(The problem): Print the records exactly as they are written.
BEGIN Data for processing
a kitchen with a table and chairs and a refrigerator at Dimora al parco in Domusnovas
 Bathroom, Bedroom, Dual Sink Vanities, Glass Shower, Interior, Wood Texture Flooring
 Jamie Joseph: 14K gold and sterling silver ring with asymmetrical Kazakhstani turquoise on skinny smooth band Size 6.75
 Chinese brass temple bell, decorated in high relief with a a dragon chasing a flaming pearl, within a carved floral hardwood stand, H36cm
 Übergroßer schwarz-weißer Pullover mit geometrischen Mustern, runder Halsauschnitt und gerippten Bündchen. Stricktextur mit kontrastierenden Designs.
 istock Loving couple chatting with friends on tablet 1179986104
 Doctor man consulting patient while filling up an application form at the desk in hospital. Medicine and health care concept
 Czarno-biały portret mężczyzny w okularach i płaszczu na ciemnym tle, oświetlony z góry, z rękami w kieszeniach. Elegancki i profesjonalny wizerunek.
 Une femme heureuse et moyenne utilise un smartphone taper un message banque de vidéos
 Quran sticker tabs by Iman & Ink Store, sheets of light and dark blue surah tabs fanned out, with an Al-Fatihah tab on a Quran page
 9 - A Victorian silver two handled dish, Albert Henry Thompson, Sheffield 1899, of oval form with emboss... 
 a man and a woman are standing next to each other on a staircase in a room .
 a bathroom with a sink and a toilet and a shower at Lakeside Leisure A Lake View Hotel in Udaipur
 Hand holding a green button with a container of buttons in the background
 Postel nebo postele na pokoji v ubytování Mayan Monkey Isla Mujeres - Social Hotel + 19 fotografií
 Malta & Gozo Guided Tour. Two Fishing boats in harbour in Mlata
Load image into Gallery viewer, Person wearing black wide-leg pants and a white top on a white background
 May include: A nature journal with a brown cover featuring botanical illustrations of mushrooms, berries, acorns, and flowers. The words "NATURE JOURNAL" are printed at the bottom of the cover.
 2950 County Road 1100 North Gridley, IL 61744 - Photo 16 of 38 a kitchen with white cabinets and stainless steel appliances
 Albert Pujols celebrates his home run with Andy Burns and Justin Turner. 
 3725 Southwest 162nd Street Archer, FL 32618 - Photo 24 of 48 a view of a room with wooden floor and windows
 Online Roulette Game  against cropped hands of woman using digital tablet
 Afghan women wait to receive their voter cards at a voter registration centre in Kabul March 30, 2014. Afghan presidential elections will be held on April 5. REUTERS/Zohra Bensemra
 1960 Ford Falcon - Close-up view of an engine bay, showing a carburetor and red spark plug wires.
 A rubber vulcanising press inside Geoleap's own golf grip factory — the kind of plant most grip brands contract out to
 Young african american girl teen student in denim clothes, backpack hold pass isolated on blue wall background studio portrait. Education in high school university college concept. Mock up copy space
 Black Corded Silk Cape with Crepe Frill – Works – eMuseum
END Data for processing
(Exercise solution):
a kitchen with a table and chairs and a refrigerator at Dimora al parco in Domusnovas
 Bathroom, Bedroom, Dual Sink Vanities, Glass Shower, Interior, Wood Texture Flooring
 Jamie Joseph: 14K gold and sterling silver ring with asymmetrical Kazakhstani turquoise on skinny smooth band Size 6.75
 Chinese brass temple bell, decorated in high relief with a a dragon chasing a flaming pearl, within a carved floral hardwood stand, H36cm
 Übergroßer schwarz-weißer Pullover mit geometrischen Mustern, runder Halsauschnitt und gerippten Bündchen. Stricktextur mit kontrastierenden Designs.
 istock Loving couple chatting with friends on tablet 1179986104
 Doctor man consulting patient while filling up an application form at the desk in hospital. Medicine and health care concept
 Czarno-biały portret mężczyzny w okularach i płaszczu na ciemnym tle, oświetlony z góry, z rękami w kieszeniach. Elegancki i profesjonalny wizerunek.
 Une femme heureuse et moyenne utilise un smartphone taper un message banque de vidéos
 Quran sticker tabs by Iman & Ink Store, sheets of light and dark blue surah tabs fanned out, with an Al-Fatihah tab on a Quran page
 9 - A Victorian silver two handled dish, Albert Henry Thompson, Sheffield 1899, of oval form with emboss... 
 a man and a woman are standing next to each other on a staircase in a room .
 a bathroom with a sink and a toilet and a shower at Lakeside Leisure A Lake View Hotel in Udaipur
 Hand holding a green button with a container of buttons in the background
 Postel nebo postele na pokoji v ubytování Mayan Monkey Isla Mujeres - Social Hotel + 19 fotografií
 Malta & Gozo Guided Tour. Two Fishing boats in harbour in Mlata
Load image into Gallery viewer, Person wearing black wide-leg pants and a white top on a white background
 May include: A nature journal with a brown cover featuring botanical illustrations of mushrooms, berries, acorns, and flowers. The words "NATURE JOURNAL" are printed at the bottom of the cover.
 2950 County Road 1100 North Gridley, IL 61744 - Photo 16 of 38 a kitchen with white cabinets and stainless steel appliances
 Albert Pujols celebrates his home run with Andy Burns and Justin Turner. 
 3725 Southwest 162nd Street Archer, FL 32618 - Photo 24 of 48 a view of a room with wooden floor and windows
 Online Roulette Game  against cropped hands of woman using digital tablet
 Afghan women wait to receive their voter cards at a voter registration centre in Kabul March 30, 2014. Afghan presidential elections will be held on April 5. REUTERS/Zohra Bensemra
 1960 Ford Falcon - Close-up view of an engine bay, showing a carburetor and red spark plug wires.
 A rubber vulcanising press inside Geoleap's own golf grip factory — the kind of plant most grip brands contract out to
 Young african american girl teen student in denim clothes, backpack hold pass isolated on blue wall background studio portrait. Education in high school university college concept. Mock up copy space
 Black Corded Silk Cape with Crepe Frill – Works – eMuseum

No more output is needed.